Stop to Put Things in Context

Sometimes, you just need to take a step back in order to put things in context. When you allow yourself to start thinking about things in an anxious way, you often lose touch with the reality of the situation and that’s obviously not good for you. In short, it’s about giving yourself a reality check and giving context to the way you’re feeling. When you look at the facts in a more objective way, you usually don’t feel so anxious about whatever’s been causing you to feel that way.

Be Active

Being active and exercising can be a good way to take your mind off anxious feelings that might be getting you down or stopping you from feeling relaxed. Many people choose to go running or to head to the gym when they start to feel anxious and stressed out. It can be a very good and healthy release for many people, and it just might be for you as well. If you’ve never tried it out as a stress release, that’s something to consider changing.

Make Use of CBD Products

If you’ve never done so before, you should definitely think about using CBD products as a way to combat the anxiety and stress that you’ve been feeling. They’ve been proven to help people relax, and these products don’t contain the psychoactive properties that other cannabis products do. In short, that means you can benefit from the relaxing properties they offer, without ever having to worry about getting high. There oils, candies and all kinds of products you can try out.
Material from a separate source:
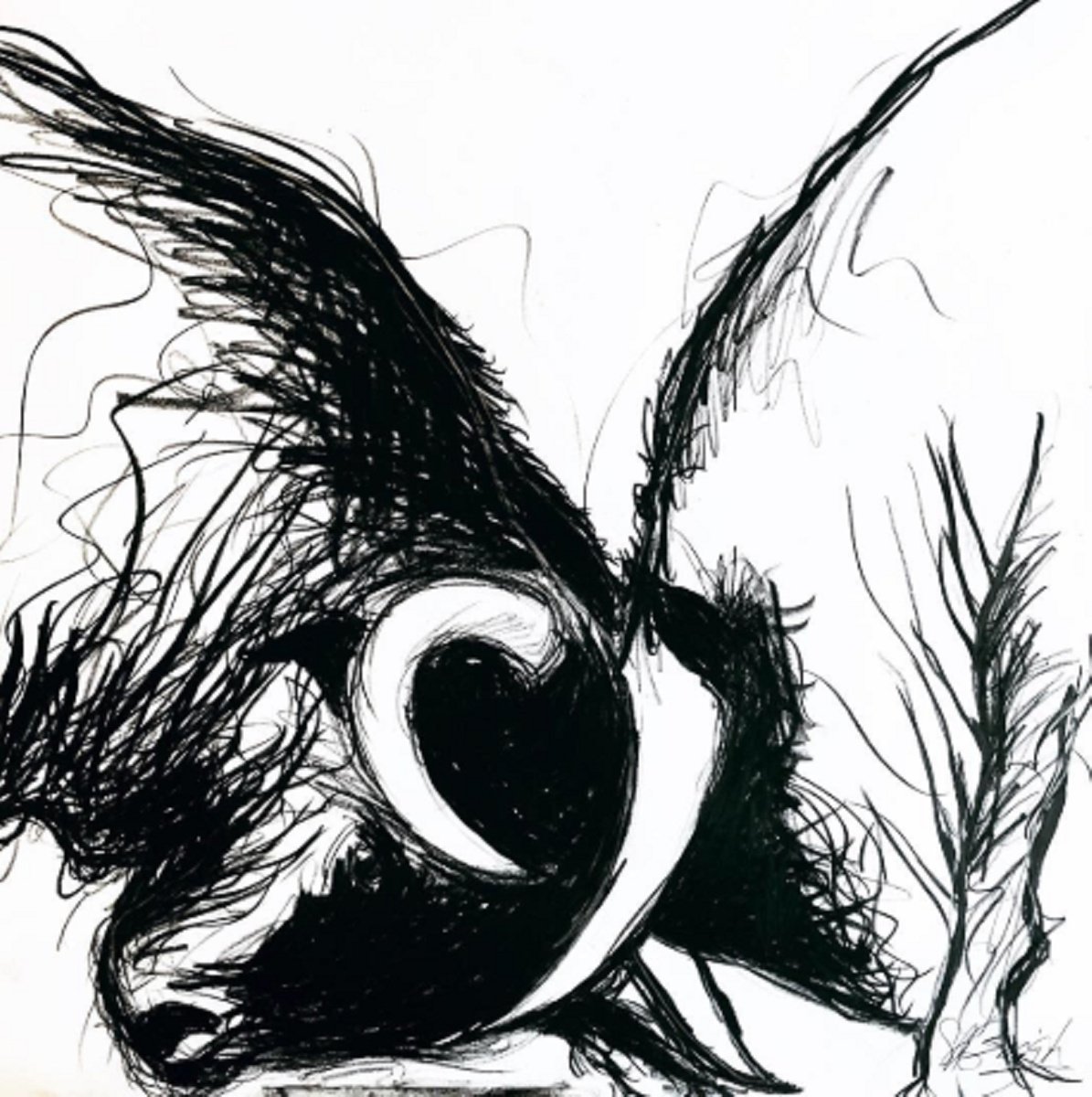 Illustrative Animal Charcoal Drawing By Shabs Beigh, 33 X 33", Bull Fight, Original Artwork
Warm Yourself with a Hot Bath

Hot water is known to help you relax as well. That heat can be soothing and relax your muscles and your joints. And as we know, when your body is feeling relaxed, it tends to be the case that your mind also feels more relaxed as well. So be sure to warm yourself with a hot bath next time you notice that your stress levels are rising and your feelings of anxiety are beginning to get the better of you. It’s the simple things that often have the biggest impact.

effective techniques to calm your feelings of anxiety

Reconnect with Nature

Reconnecting with nature can be a good way to relax yourself as well. If you’re living in a city and you don’t often get that chance to connect with the natural environments and landscapes around us, getting away from it all and slowing down your pace of life really can have a positive impact. Reconnect and enjoy what nature has to offer in terms of its calming qualities.

Try Out Meditation

Trying out meditation is another thing that you might want to consider. Meditating can take many different forms and it’s something that lots of people benefit from each and every day of the week. Be sure to try out meditation, either by yourself or with the help of a trained guide, if you want to make use of a hugely beneficial relaxation technique.

If you’ve been trying to cope better with feelings of stress and anxiety recently, you’re certainly not alone. It’s something that many people go through, but with the help of the calming techniques we’ve discussed here today, you should be able to overcome those anxieties and stresses faster.